Even so, when her friend had gotten home, she wouldn’t speak to her. It was a very long time before she’d get to play with her again.


#37

I honestly didn’t know anyone played this. I’ve asked people before but nobody knew what I was talking about.


#38

This feels like a moment where you think back and knew you could’ve said something differently and get angry at yourself.

I hate that kid


#39

Didn’t those idiots see you going for help?


#40

I remember there were more people there after I got back. I didn’t see the kid I sent off to go ring house bells, and I don’t know who that other kid was. It honestly was as if everyone thought I did it purposefully, and that the tire was not meant to be spun but only swung back and forth like a typical swing…and I should know better. The tire hung down horizontally and you’d put your butt in the hole and your legs on either side of one of the chains. The three chains were attached to a giant nut about the size of a dinner plate on a metal bar overhead. It didn’t actually “break” that I could tell…looking back on it later in life it appeared to me that the thing simply unscrewed itself from the beam during the spins.

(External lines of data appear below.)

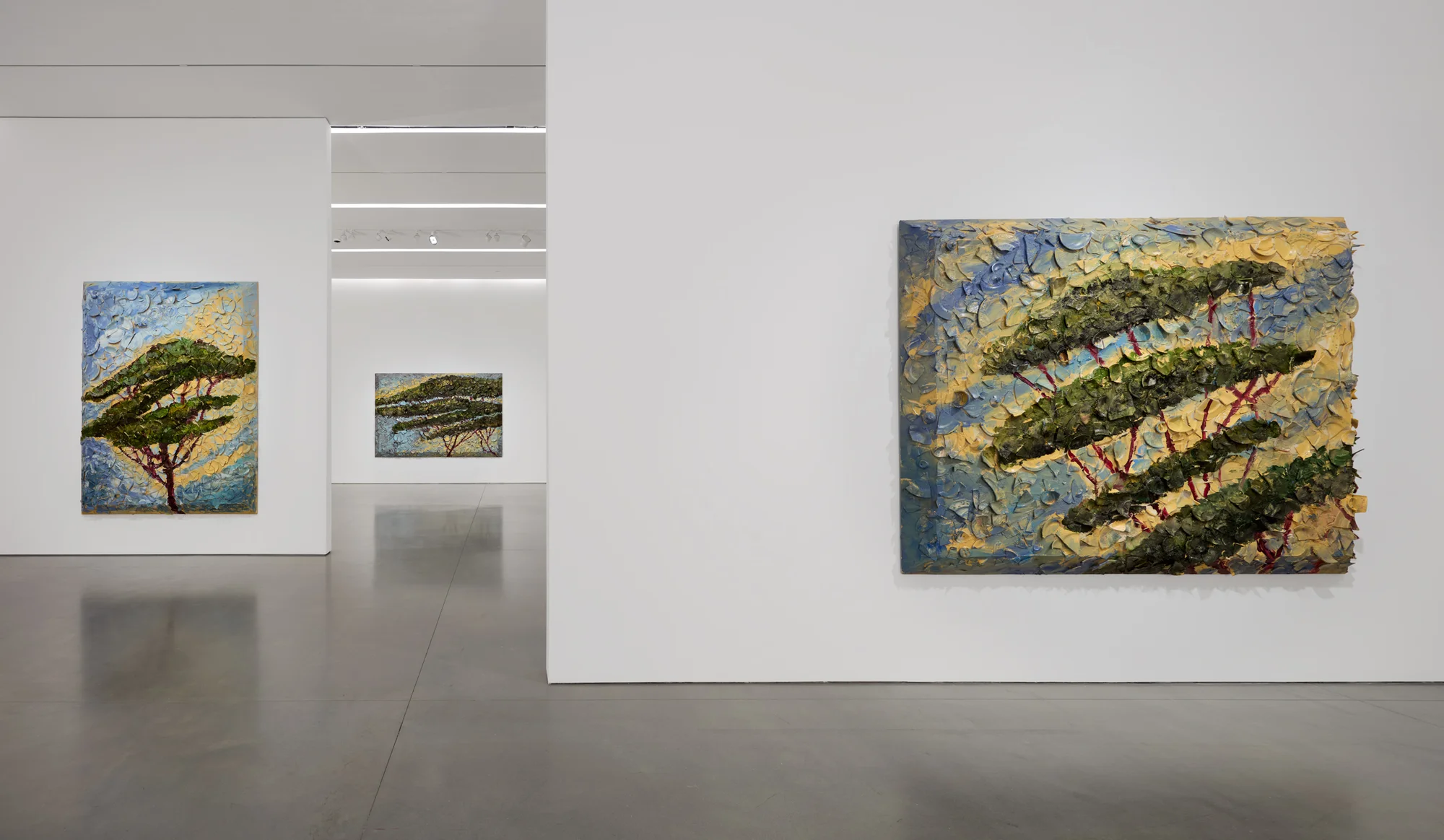 Installation view of Italy Through Its Trees by Julian Schnabel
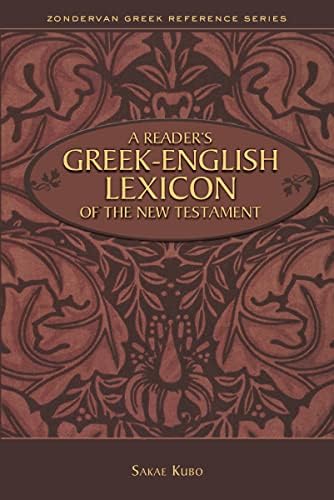 A Reader's Greek-English Lexicon of the New Testament (Zondervan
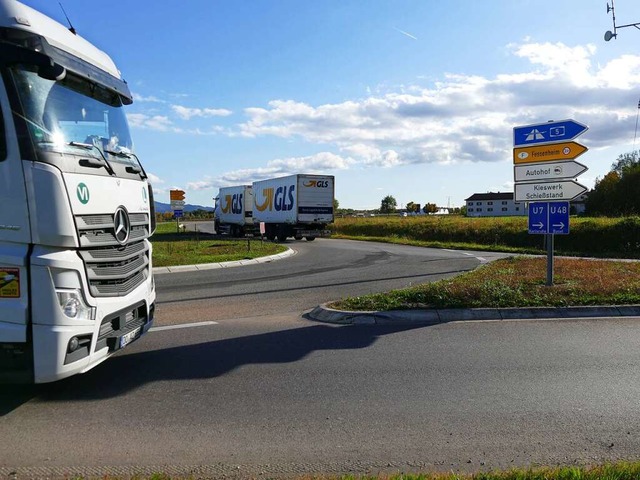 Hartheim befrchtet noch mehr Verkehr ...eim Weinstetter Hof geplanten Anlagen.  | Foto: Frank Schoch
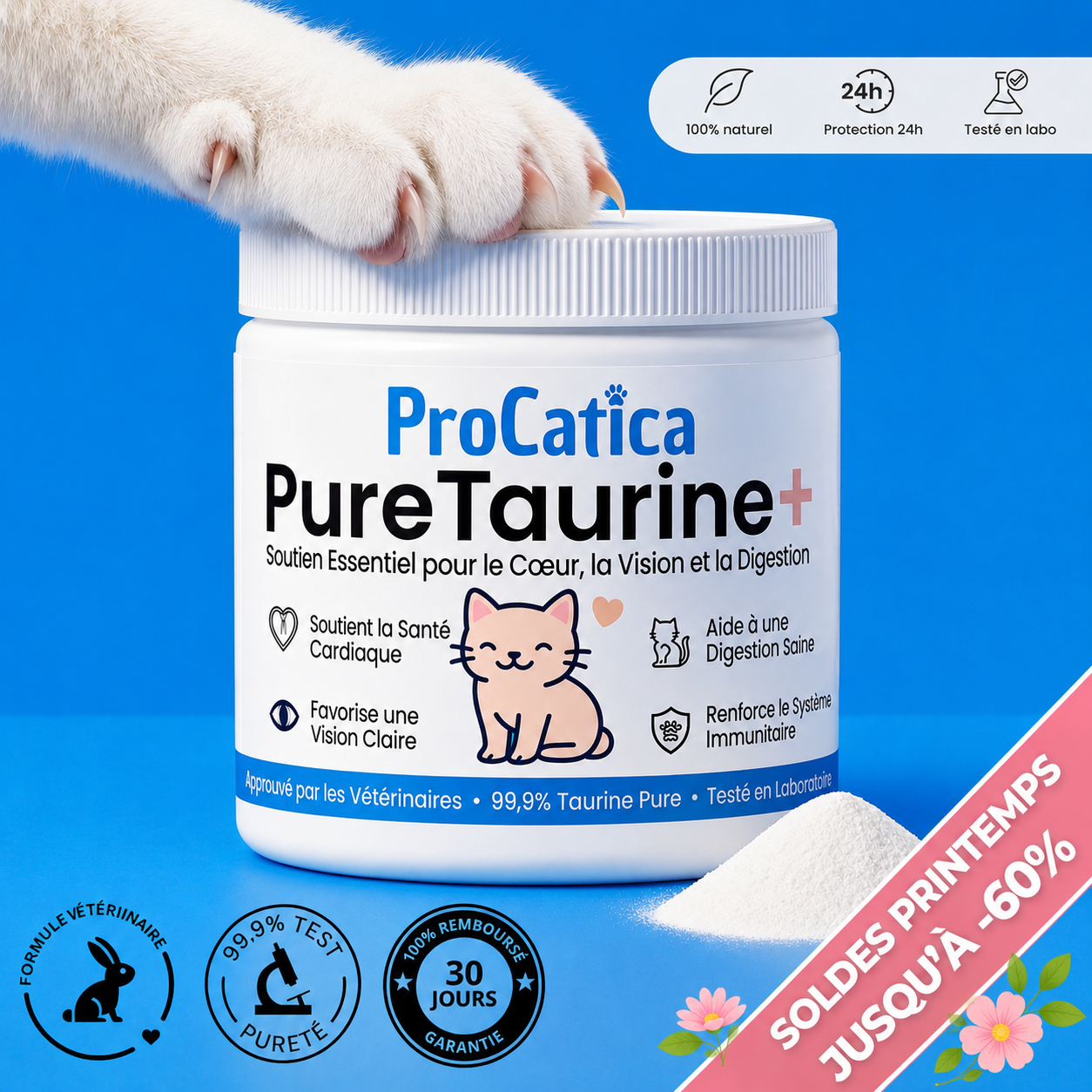 PureTaurine+ - N°1 Recommandé par les Vétérinaires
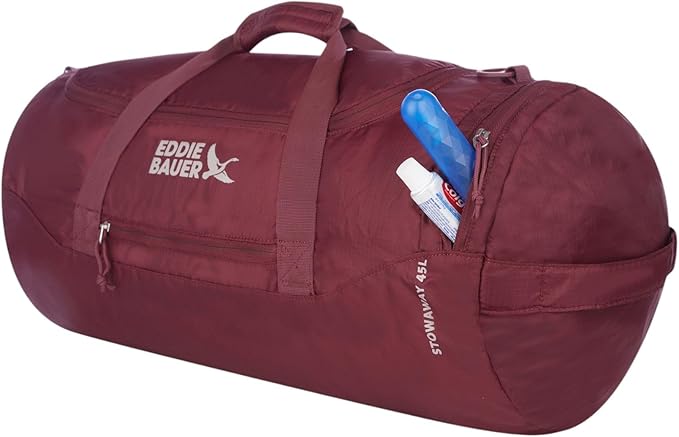 Eddie Bauer Stowaway Packable Duffel Bag | Travel | Foldable | Lightweight | Durable | Ripstop Polyester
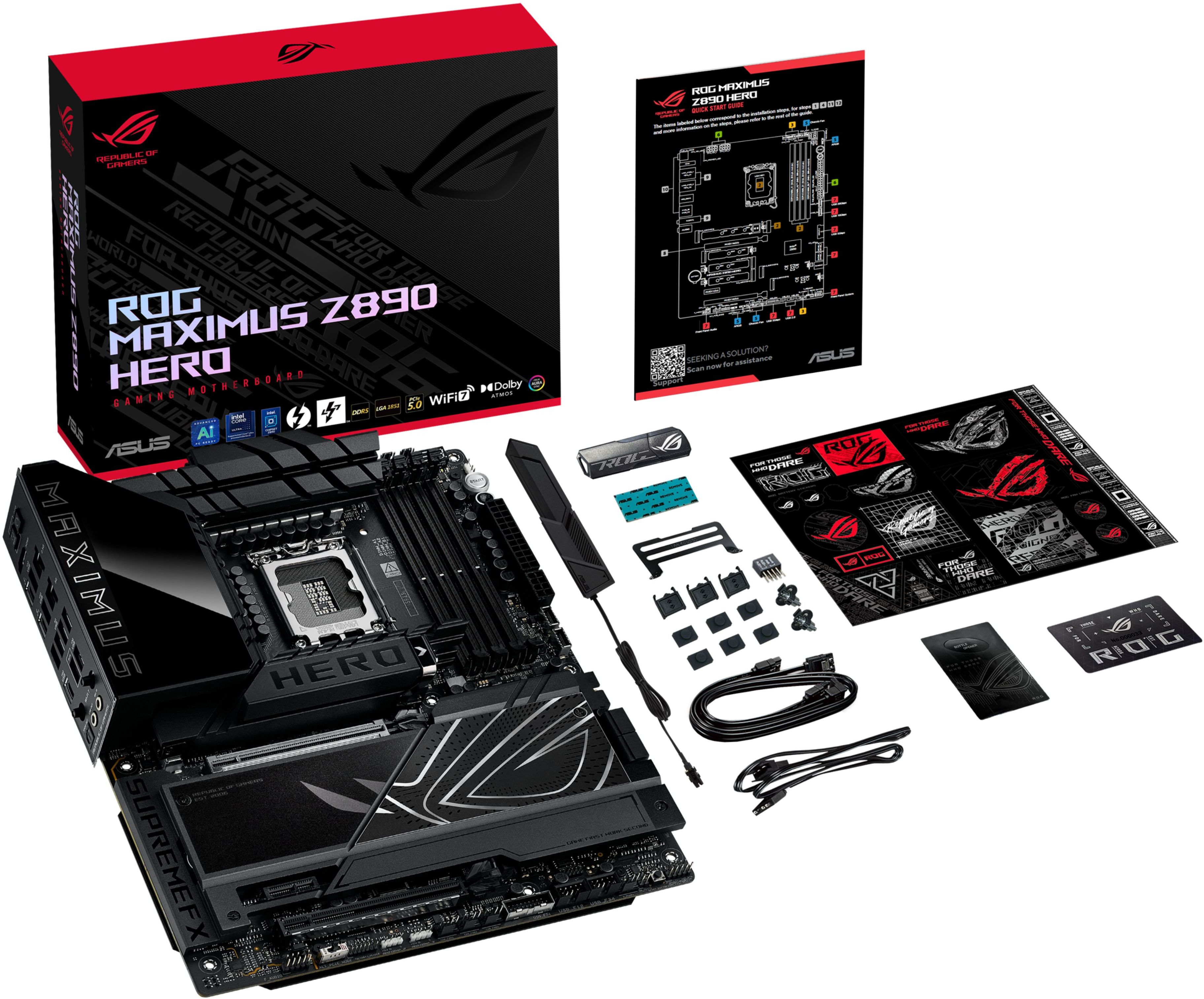 Материнcкая плата ASUS ROG MAXIMUS Z890 HERO (90MB1ID0-M0EAY0) фото 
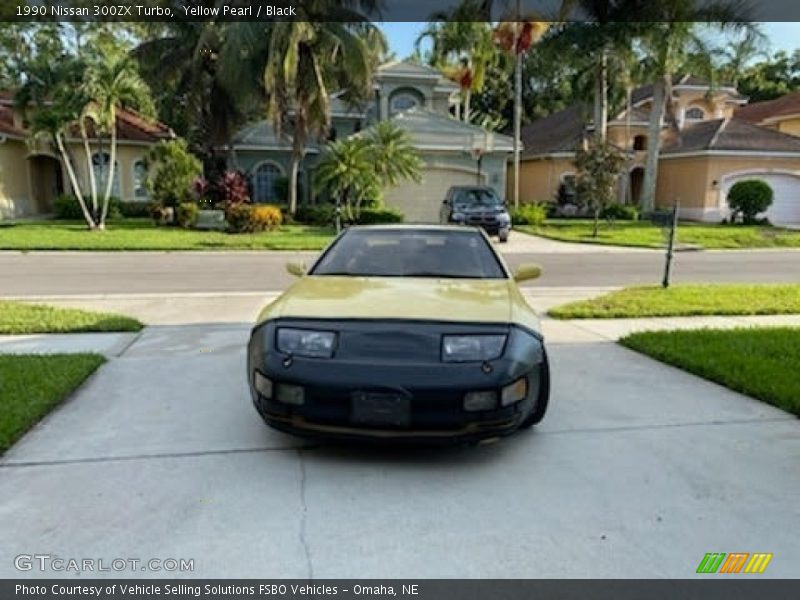 Yellow Pearl / Black 1990 Nissan 300ZX Turbo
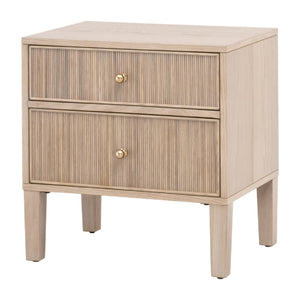   2-Drawer Oak Nightstand S | Oroa.com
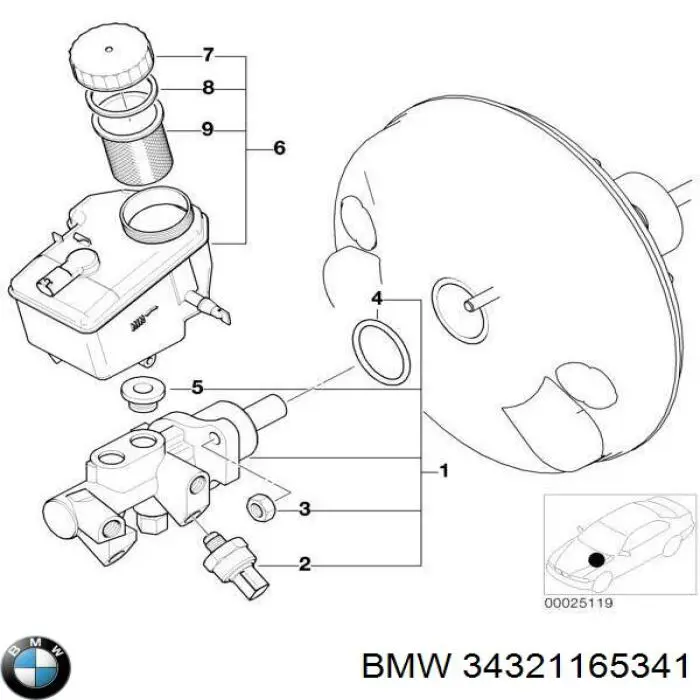Comprar 34321165341 BMW 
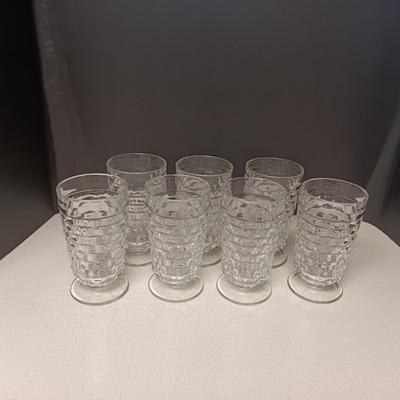 7 FOSTORIA GLASS TUMBLERS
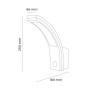 Applique Murale EDM 32535 polypropylène A 10 W 750 Lm Blanc Extérieur (4000 K): Plus de 300.000 produits de grandes marques en v
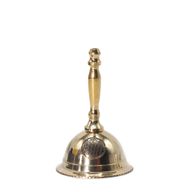 Small Altar Brass Bell - Flower of Life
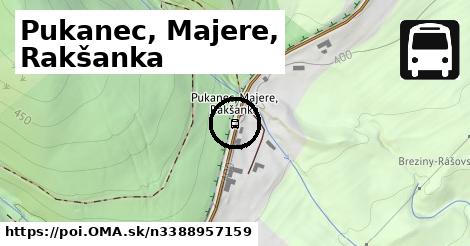 Pukanec, Majere, Rakšanka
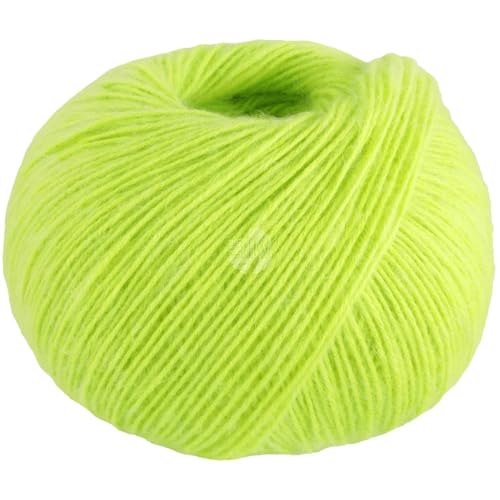 Lana Grossa Ecopuno | Edle Netzgarnstruktur Aus Baumwolle Gefüllt Mit Merino/Alpaka | Handstrickgarn Aus 17% Schurwolle (Merino) & 11% Alpaka Wolle | 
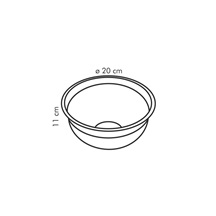 Mísa nerezová DELÍCIA pr. 20 cm, 2.5 l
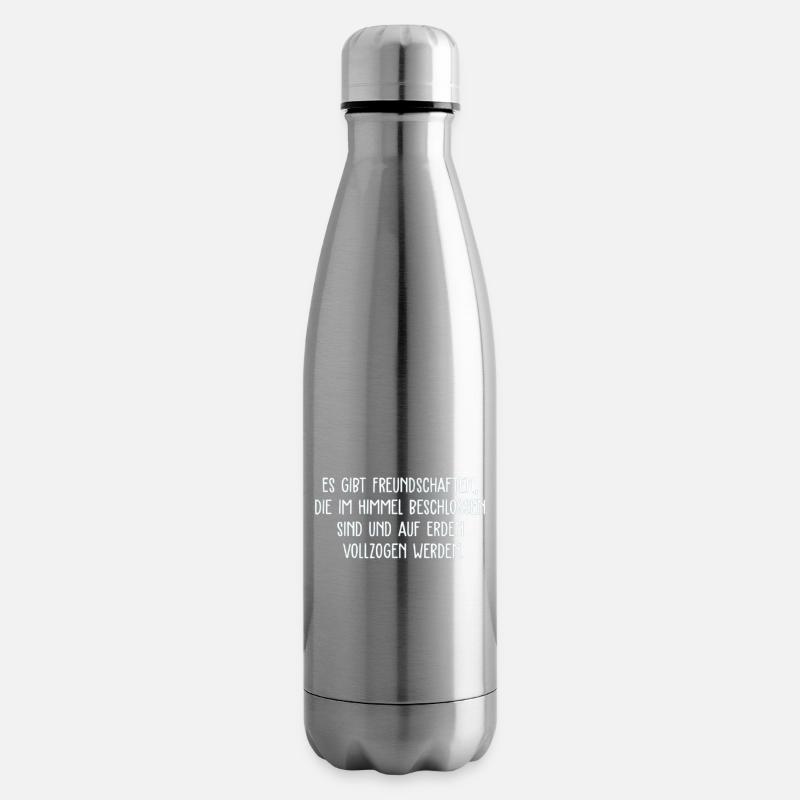 Schicksalsfreundschaften - Isolierflasche - Lightsilver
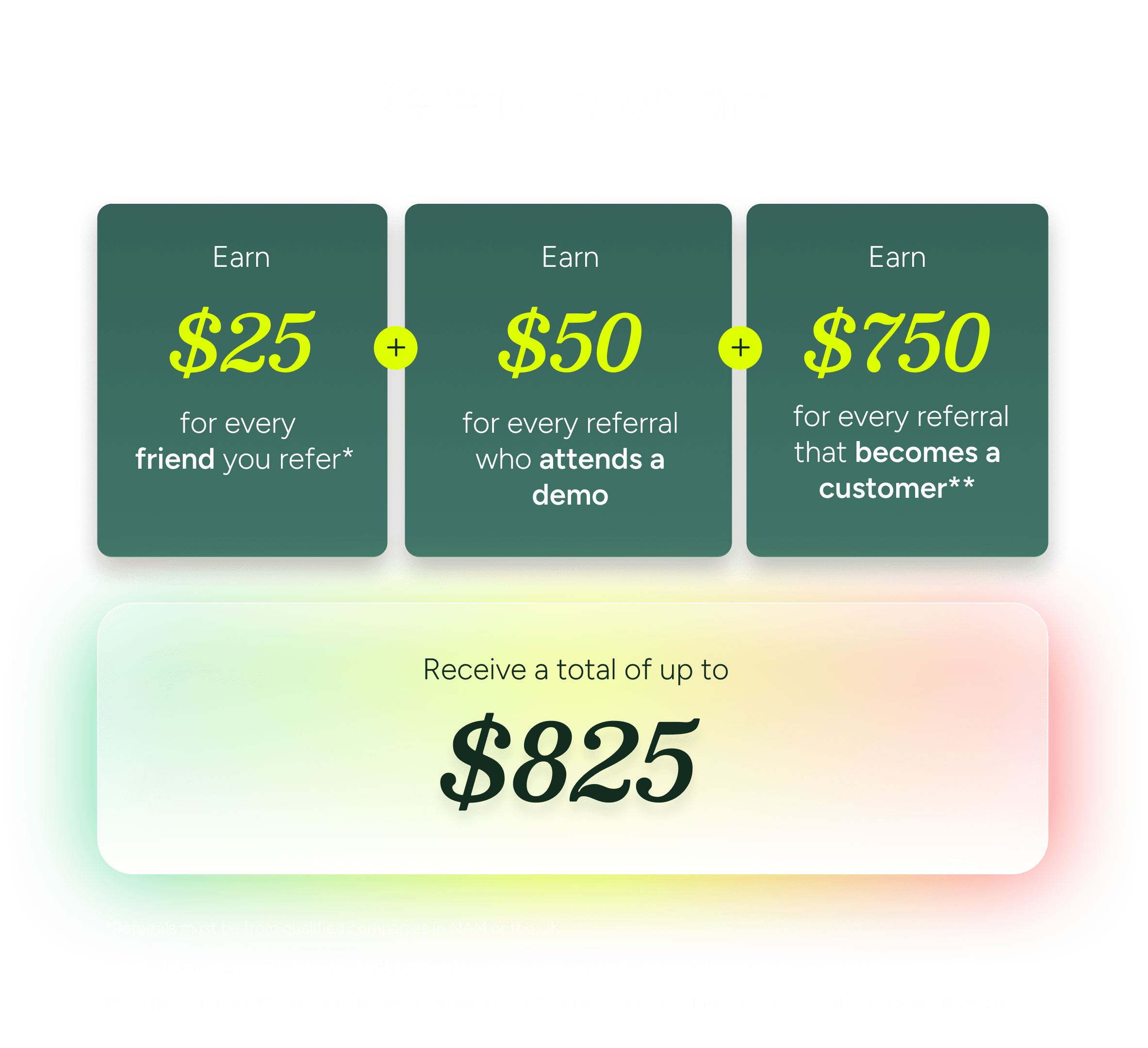 SysAid ITSM referral rewards: Earn up to $825 for referring friends, demo attendees, and new ITSM customers. - SysAid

The tire attachment eventually got replaced with an all-new apparatus that was not a nut o could unscrew, but to this day I think people honestly thought I did that on purpose as some kind of cruel joke.

I don’t know what really happened to Rainey…how hurt she was. I know she hurt her back pretty bad but she did come home I think same day. Nothing was really ever the same between Bree, Rainey, and I after that.